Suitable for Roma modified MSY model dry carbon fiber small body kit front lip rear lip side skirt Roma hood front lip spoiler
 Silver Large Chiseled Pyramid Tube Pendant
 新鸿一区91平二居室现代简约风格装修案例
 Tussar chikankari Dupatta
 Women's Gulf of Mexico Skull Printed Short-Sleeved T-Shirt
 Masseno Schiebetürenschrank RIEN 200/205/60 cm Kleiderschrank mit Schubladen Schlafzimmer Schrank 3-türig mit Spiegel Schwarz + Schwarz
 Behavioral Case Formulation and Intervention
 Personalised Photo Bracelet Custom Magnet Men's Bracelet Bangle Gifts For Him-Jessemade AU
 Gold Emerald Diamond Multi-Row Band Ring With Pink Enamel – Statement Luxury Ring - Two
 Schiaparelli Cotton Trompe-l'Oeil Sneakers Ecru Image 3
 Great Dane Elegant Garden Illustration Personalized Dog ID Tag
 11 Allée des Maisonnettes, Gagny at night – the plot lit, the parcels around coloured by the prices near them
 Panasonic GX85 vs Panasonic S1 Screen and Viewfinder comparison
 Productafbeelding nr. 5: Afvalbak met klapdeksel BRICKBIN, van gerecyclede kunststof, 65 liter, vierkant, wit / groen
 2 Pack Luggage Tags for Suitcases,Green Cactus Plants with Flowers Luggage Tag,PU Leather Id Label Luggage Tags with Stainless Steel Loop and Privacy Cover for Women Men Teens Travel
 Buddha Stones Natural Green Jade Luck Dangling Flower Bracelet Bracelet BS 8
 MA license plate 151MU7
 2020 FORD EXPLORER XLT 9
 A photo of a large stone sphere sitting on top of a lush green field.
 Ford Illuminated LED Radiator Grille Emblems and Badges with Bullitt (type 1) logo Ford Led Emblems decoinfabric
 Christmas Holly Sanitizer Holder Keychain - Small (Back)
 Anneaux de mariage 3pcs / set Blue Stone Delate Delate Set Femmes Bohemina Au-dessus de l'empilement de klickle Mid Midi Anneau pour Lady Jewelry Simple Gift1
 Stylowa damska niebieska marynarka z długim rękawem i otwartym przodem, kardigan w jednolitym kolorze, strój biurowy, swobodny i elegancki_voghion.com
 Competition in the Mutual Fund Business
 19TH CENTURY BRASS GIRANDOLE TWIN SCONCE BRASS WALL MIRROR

WORK TASK:
Here the job is to restate all of the data word for word.

ANSWER:
Suitable for Roma modified MSY model dry carbon fiber small body kit front lip rear lip side skirt Roma hood front lip spoiler
 Silver Large Chiseled Pyramid Tube Pendant
 新鸿一区91平二居室现代简约风格装修案例
 Tussar chikankari Dupatta
 Women's Gulf of Mexico Skull Printed Short-Sleeved T-Shirt
 Masseno Schiebetürenschrank RIEN 200/205/60 cm Kleiderschrank mit Schubladen Schlafzimmer Schrank 3-türig mit Spiegel Schwarz + Schwarz
 Behavioral Case Formulation and Intervention
 Personalised Photo Bracelet Custom Magnet Men's Bracelet Bangle Gifts For Him-Jessemade AU
 Gold Emerald Diamond Multi-Row Band Ring With Pink Enamel – Statement Luxury Ring - Two
 Schiaparelli Cotton Trompe-l'Oeil Sneakers Ecru Image 3
 Great Dane Elegant Garden Illustration Personalized Dog ID Tag
 11 Allée des Maisonnettes, Gagny at night – the plot lit, the parcels around coloured by the prices near them
 Panasonic GX85 vs Panasonic S1 Screen and Viewfinder comparison
 Productafbeelding nr. 5: Afvalbak met klapdeksel BRICKBIN, van gerecyclede kunststof, 65 liter, vierkant, wit / groen
 2 Pack Luggage Tags for Suitcases,Green Cactus Plants with Flowers Luggage Tag,PU Leather Id Label Luggage Tags with Stainless Steel Loop and Privacy Cover for Women Men Teens Travel
 Buddha Stones Natural Green Jade Luck Dangling Flower Bracelet Bracelet BS 8
 MA license plate 151MU7
 2020 FORD EXPLORER XLT 9
 A photo of a large stone sphere sitting on top of a lush green field.
 Ford Illuminated LED Radiator Grille Emblems and Badges with Bullitt (type 1) logo Ford Led Emblems decoinfabric
 Christmas Holly Sanitizer Holder Keychain - Small (Back)
 Anneaux de mariage 3pcs / set Blue Stone Delate Delate Set Femmes Bohemina Au-dessus de l'empilement de klickle Mid Midi Anneau pour Lady Jewelry Simple Gift1
 Stylowa damska niebieska marynarka z długim rękawem i otwartym przodem, kardigan w jednolitym kolorze, strój biurowy, swobodny i elegancki_voghion.com
 Competition in the Mutual Fund Business
 19TH CENTURY BRASS GIRANDOLE TWIN SCONCE BRASS WALL MIRROR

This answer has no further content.